[What is being asked]
Copy out the lines beginning with the one that contains "Turkish Vintage Anatolian" and ending with the last line below, exactly as they stand. Pictures are not copied.

[Recorded information]
§
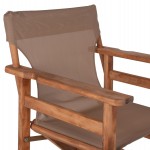 ΣΚΑΜΠΟ ΣΚΗΝΟΘΕΤΗ ΛΗΜΝΟΣ ΚΑΡΥΔΙ ΜΕ TEXTILENE ΜΟΚΑ HM10374.04 58x58x118Yεκ.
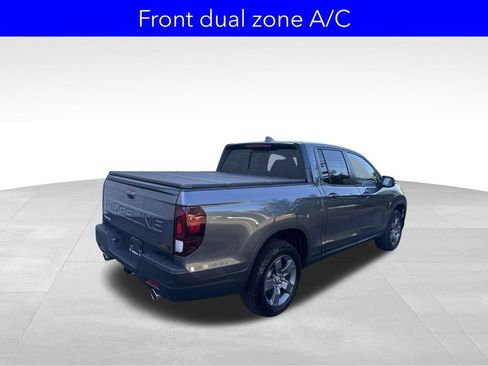 Certified 2025 Honda Ridgeline TrailSport image 5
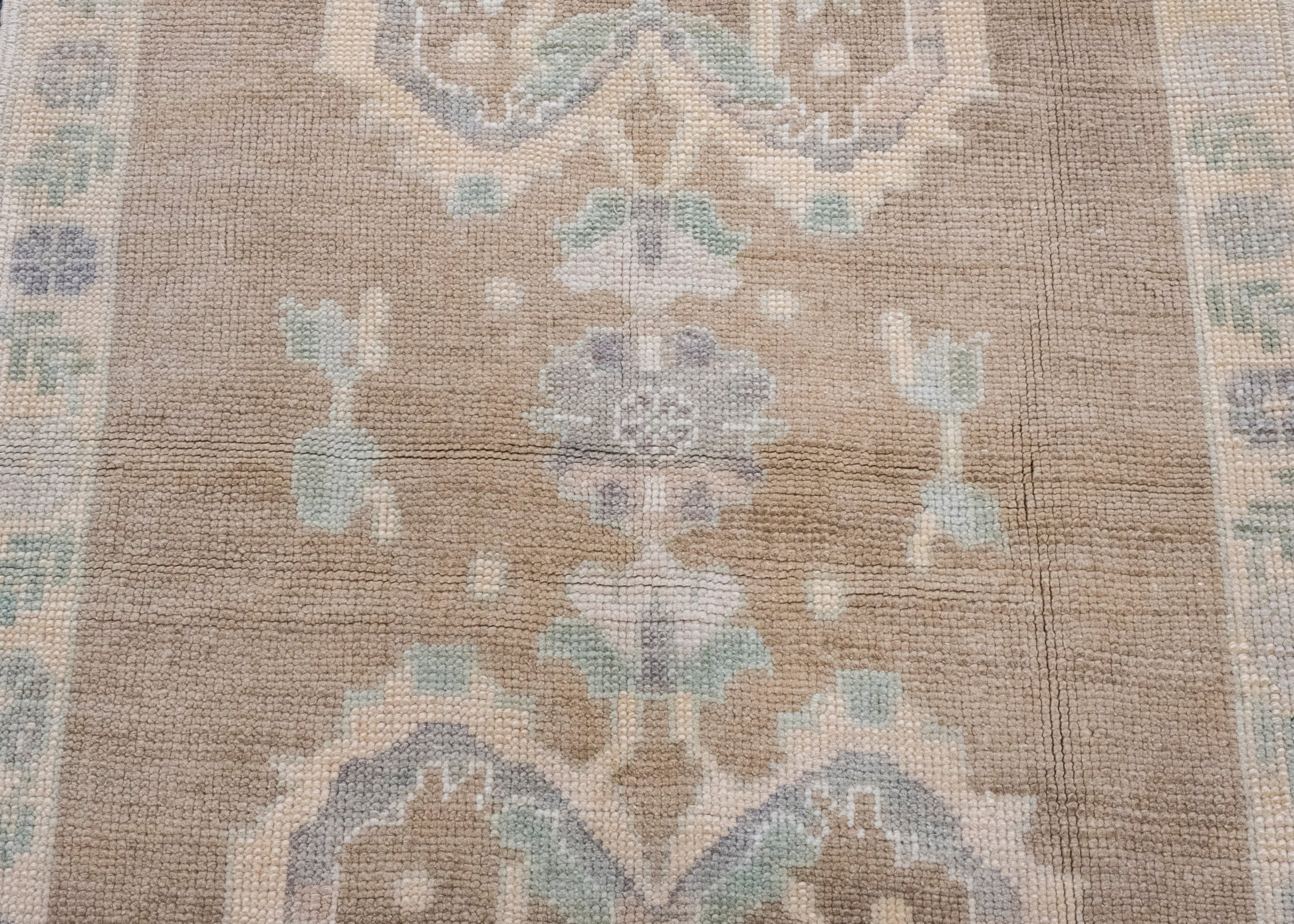 Turkish Vintage Anatolian Runner Rug 3' x 6'3" #7042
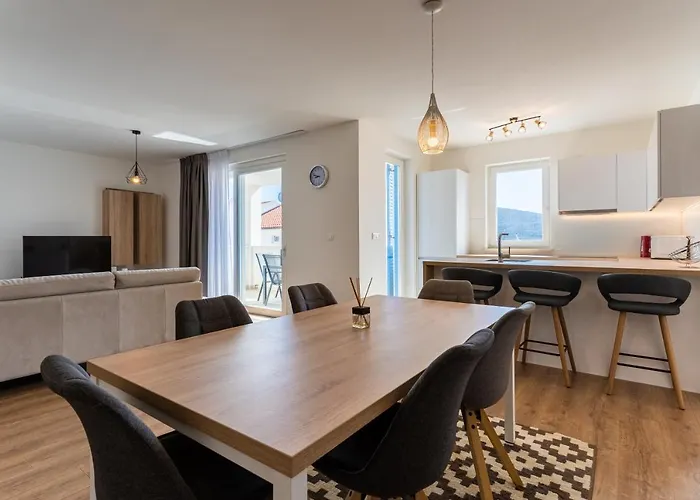 Sea View Luxury * Cres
§
[Written solution]
 Turkish Vintage Anatolian Runner Rug 3' x 6'3" #7042
 Sea View Luxury * Cres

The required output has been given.